:: Task description ::
The required output is a verbatim transcription of the listing, pictures excluded.

:: Given material ::
***

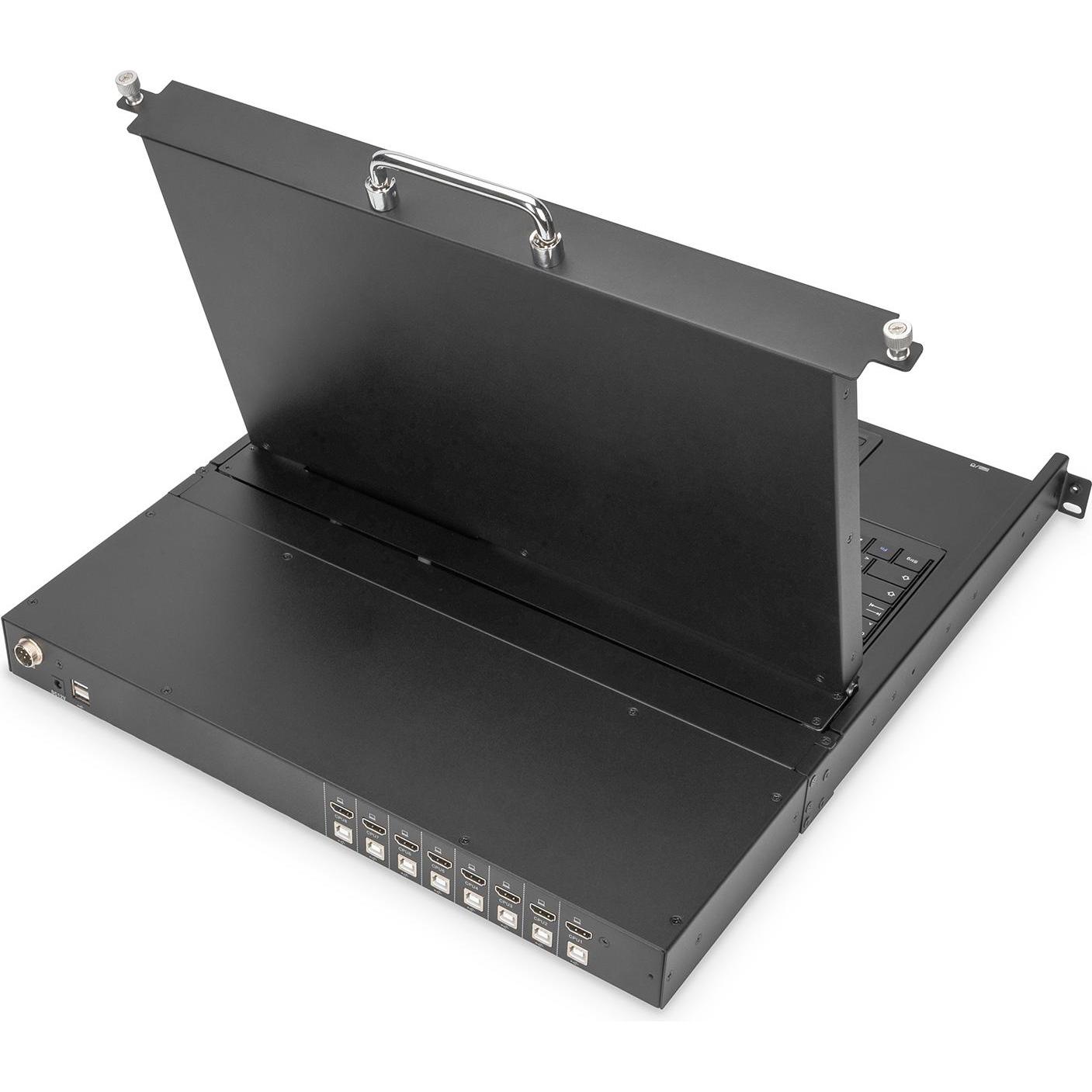 Digitus Modulare Konsole mit 17 TFT48,3cm 8Port KVM Touch 8 x HDMI, HD Auflösung, US Tastatur, KVM Switch, Schwarz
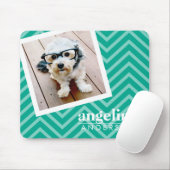 Foto met Modern Chevron Pattern en Aangepaste naam Muismat (Met muis)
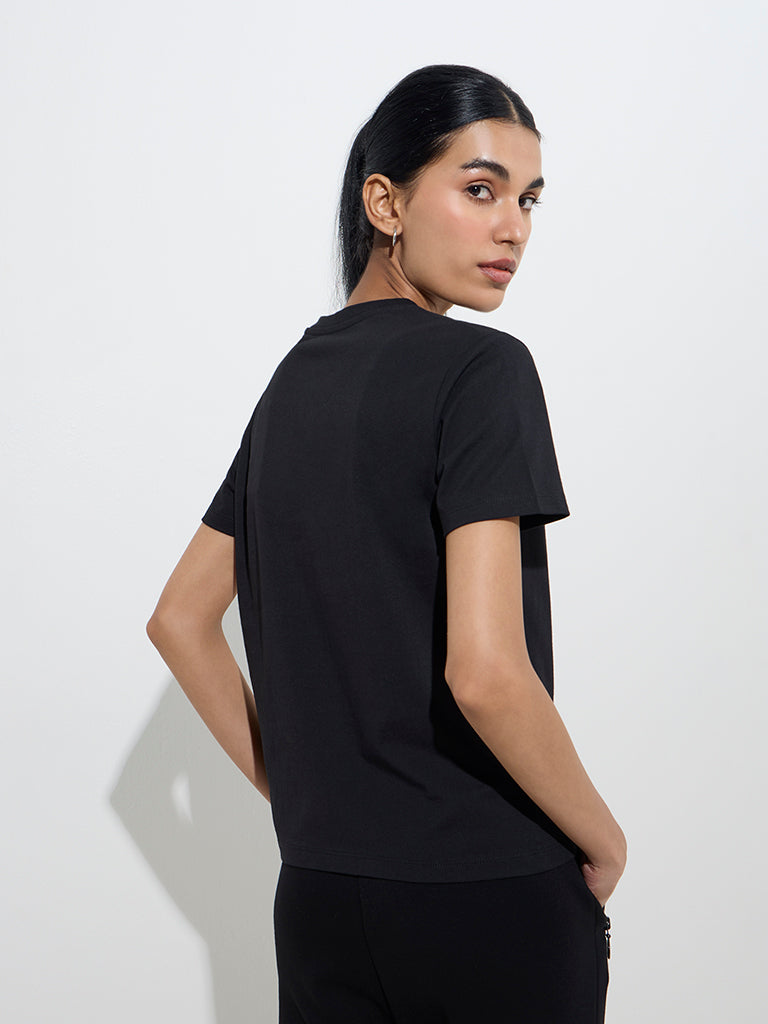 Studiofit Black Text Printed Cotton T-Shirt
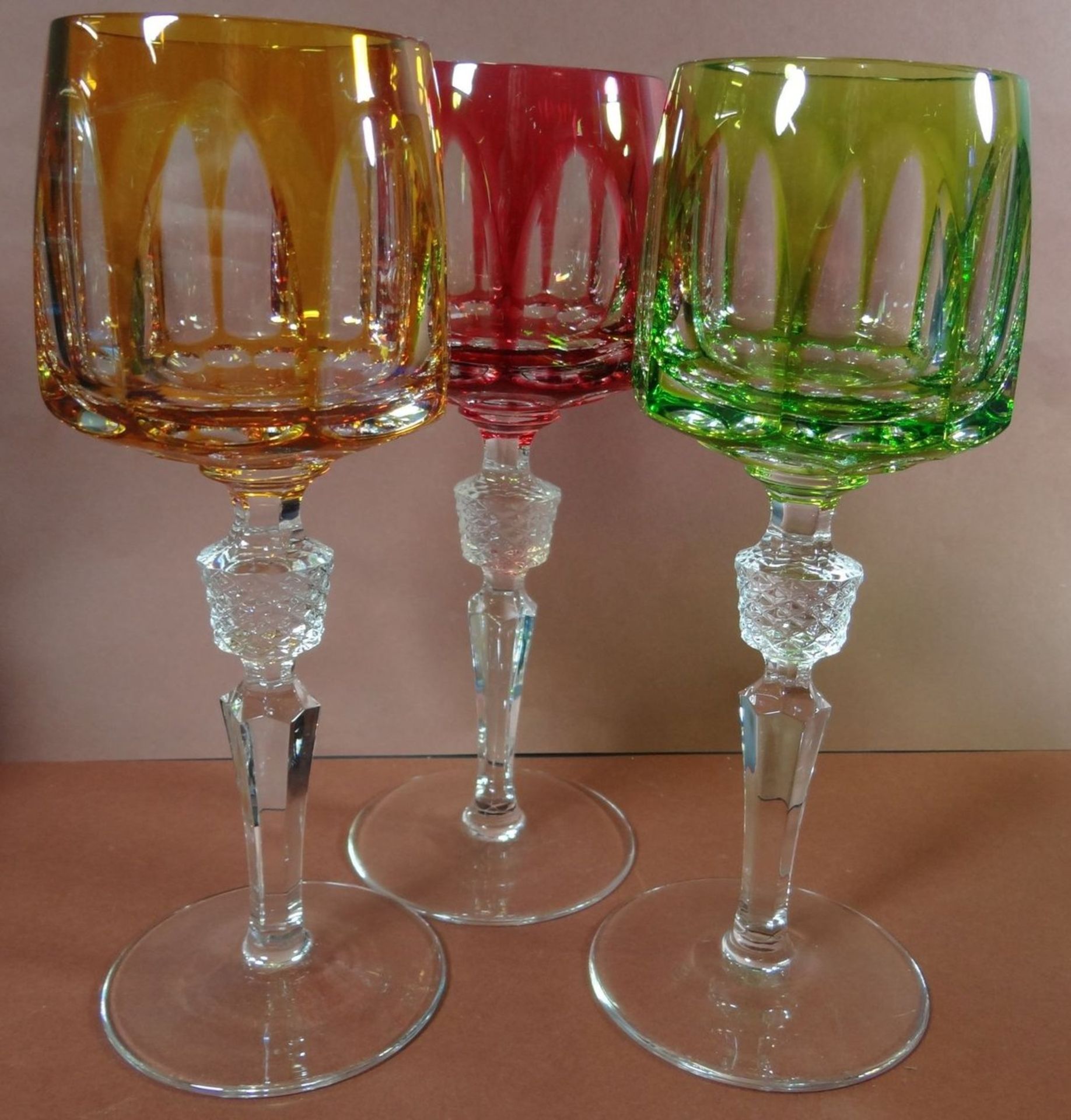 6x Buntglas-Weinrömer, wohl Nachtmann, H-20 cm - Bild 4 aus 5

***

:: Output ::
 Digitus Modulare Konsole mit 17 TFT48,3cm 8Port KVM Touch 8 x HDMI, HD Auflösung, US Tastatur, KVM Switch, Schwarz
 Foto met Modern Chevron Pattern en Aangepaste naam Muismat (Met muis)
 Studiofit Black Text Printed Cotton T-Shirt
 6x Buntglas-Weinrömer, wohl Nachtmann, H-20 cm - Bild 4 aus 5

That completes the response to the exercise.